### What you have to do:
Set every line of the data down again exactly, and keep the pictures out.

### Extracted information:
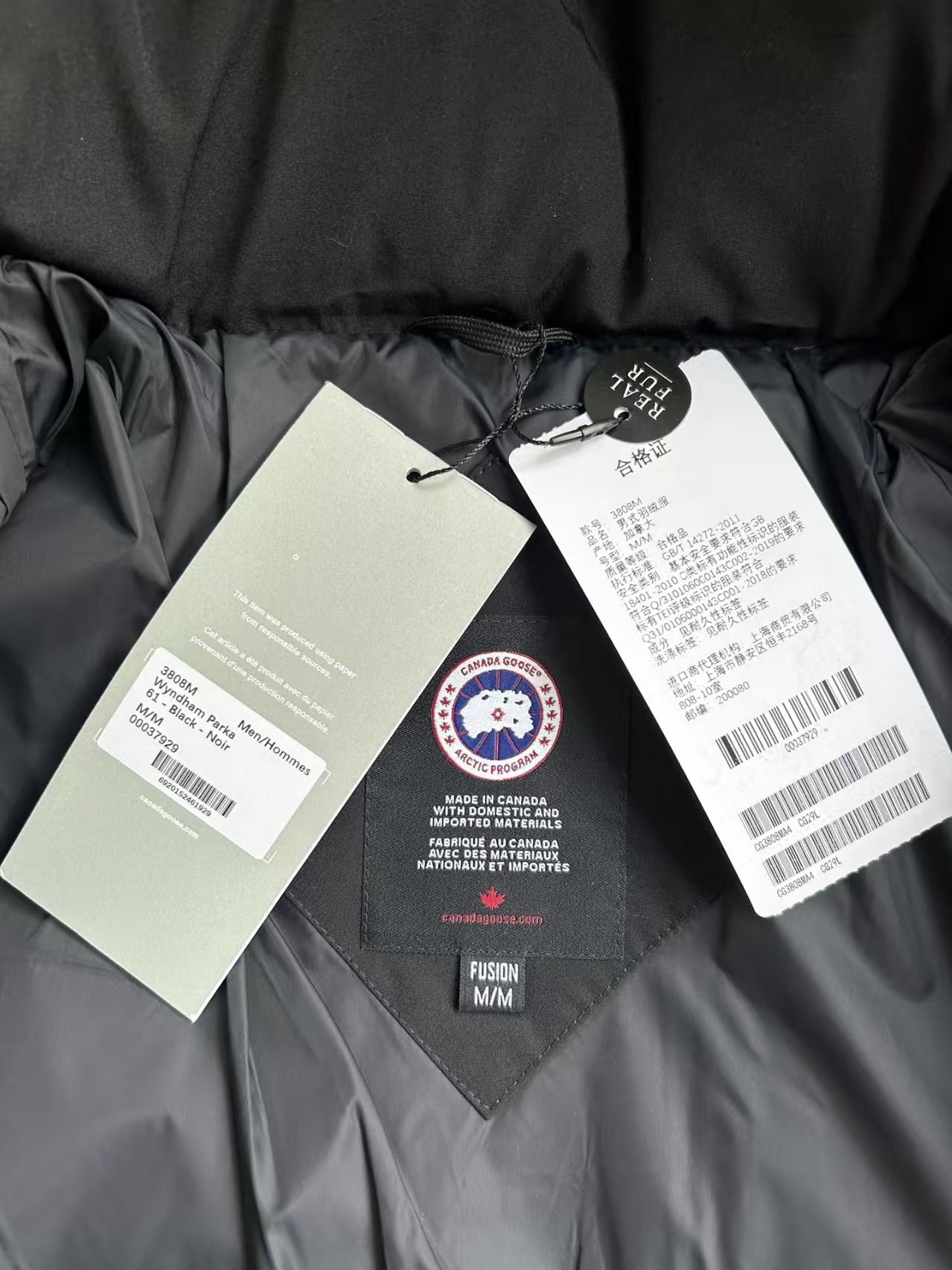 Canada Goose Wyndham Men’s Classic Parka in Black with Red Label
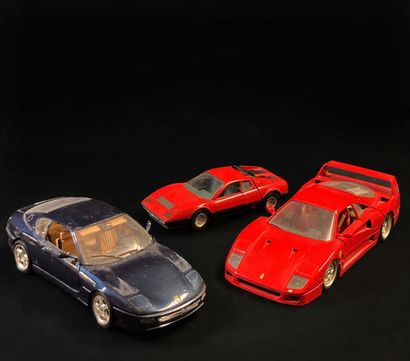 null URAGO 3 MODELES REDUITS DE VOITURES FERRARI comprenant : 

- Ferrari BB 512,...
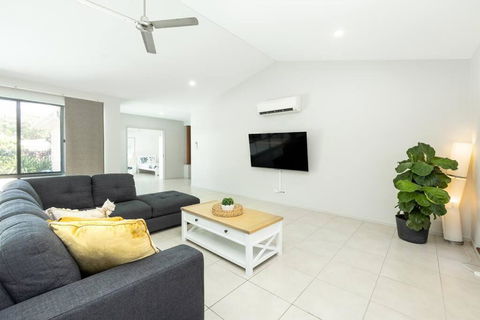 Family Paradise Elegant 4BR King Bed Heated Pool And BBQ - Sydney 4u 4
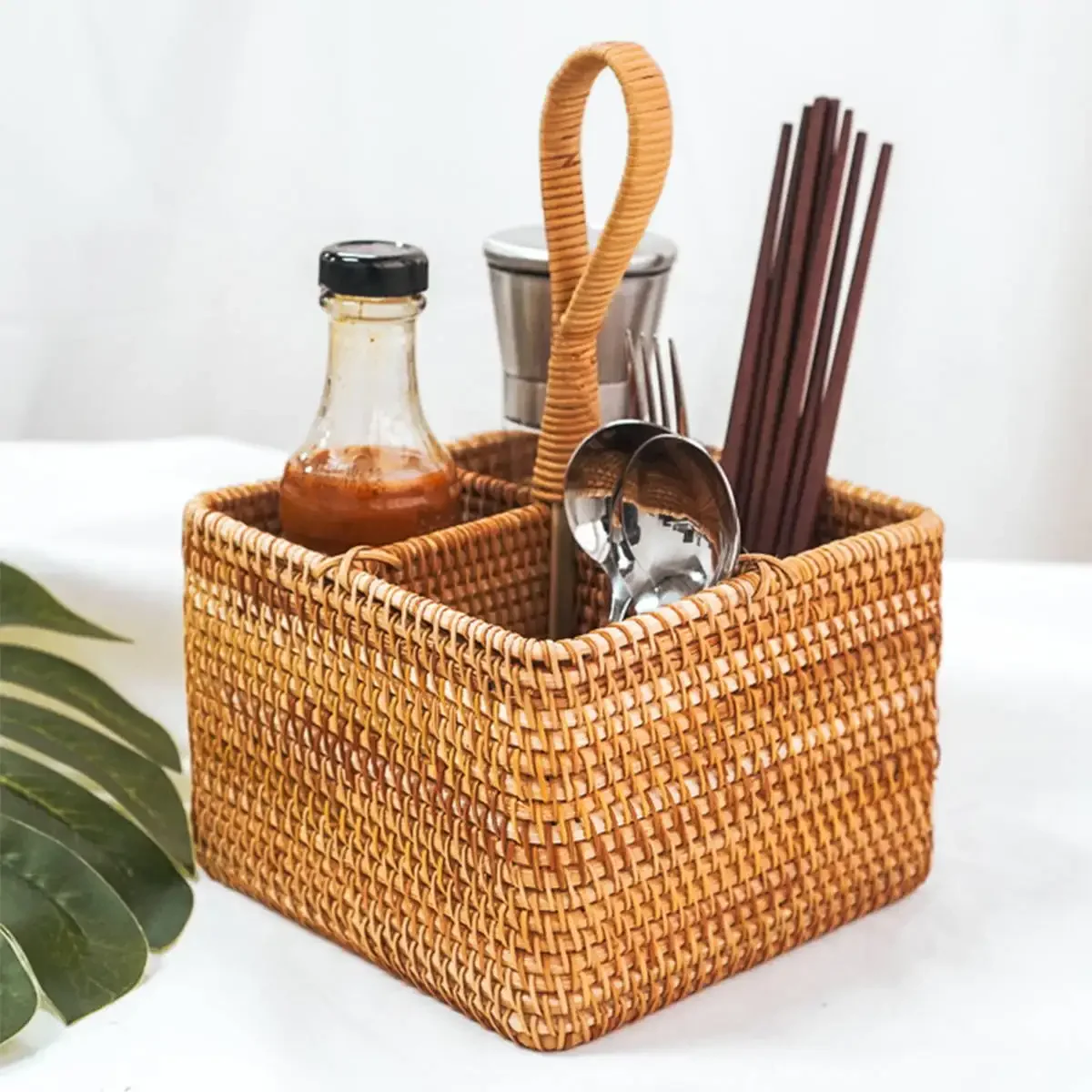 High quality durable rattan cutlery holder baskets kitchen utensil caddy organizer utensils storage compartment basket trays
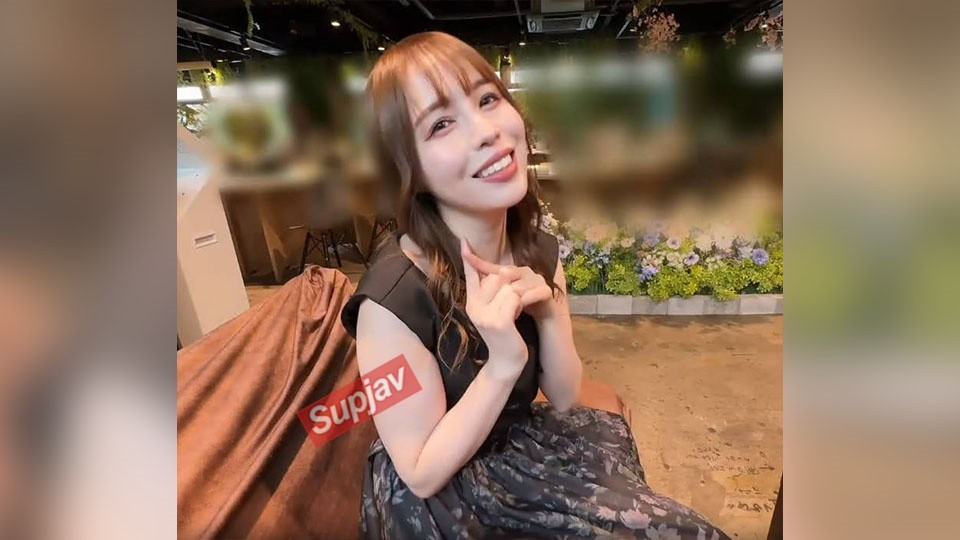 FC2 PPV 4752437 ※バレたのですぐ消徐【他言無用】昼は先生、夜は予約待ちﾒﾝｴｽ嬢。品性溢れるｳｸﾗｲﾅﾊｰﾌ美女の色白美肌に顔射＋中出し記録。。抽選で店舗教えます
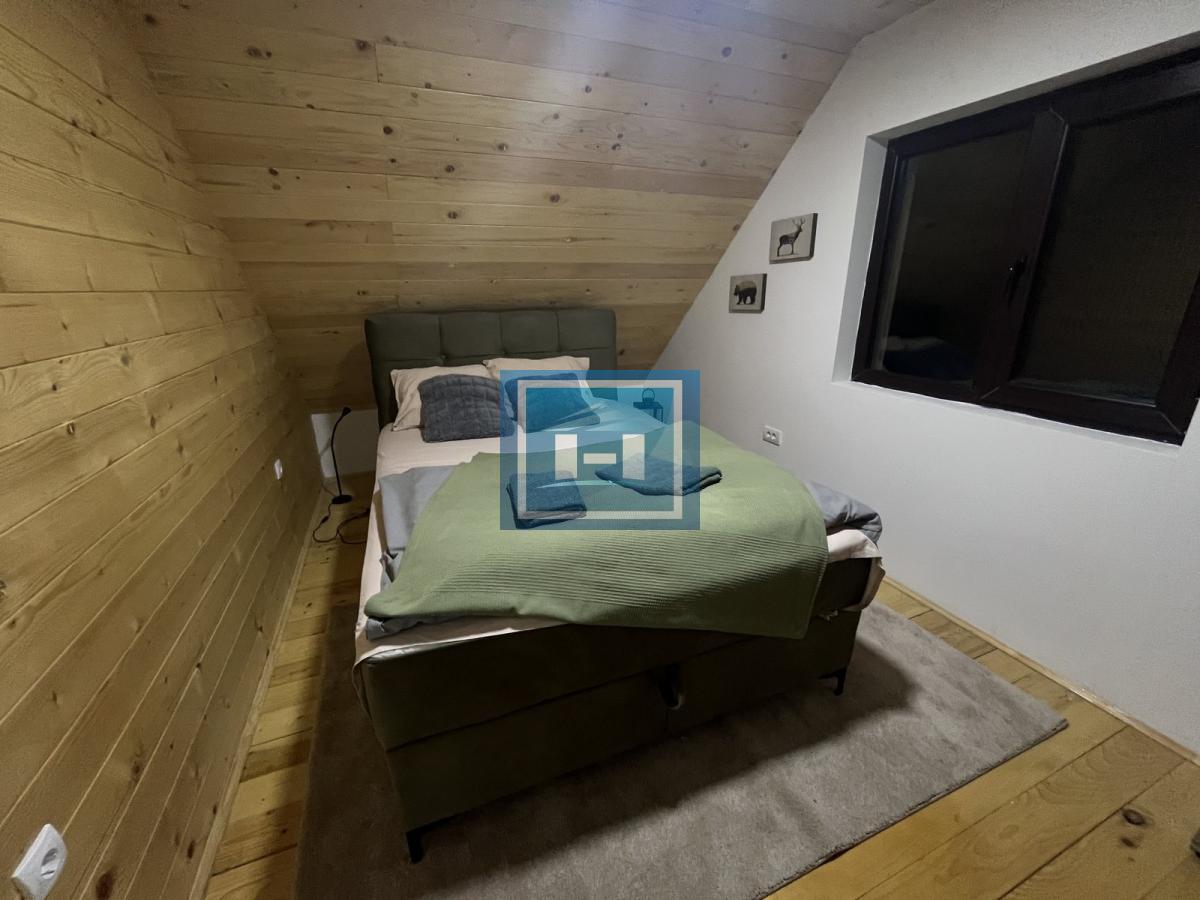 Nova vikendica na Tari 12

### Answer space:
 Canada Goose Wyndham Men’s Classic Parka in Black with Red Label
 null URAGO 3 MODELES REDUITS DE VOITURES FERRARI comprenant : 

- Ferrari BB 512,...
 Family Paradise Elegant 4BR King Bed Heated Pool And BBQ - Sydney 4u 4
 High quality durable rattan cutlery holder baskets kitchen utensil caddy organizer utensils storage compartment basket trays
 FC2 PPV 4752437 ※バレたのですぐ消徐【他言無用】昼は先生、夜は予約待ちﾒﾝｴｽ嬢。品性溢れるｳｸﾗｲﾅﾊｰﾌ美女の色白美肌に顔射＋中出し記録。。抽選で店舗教えます
 Nova vikendica na Tari 12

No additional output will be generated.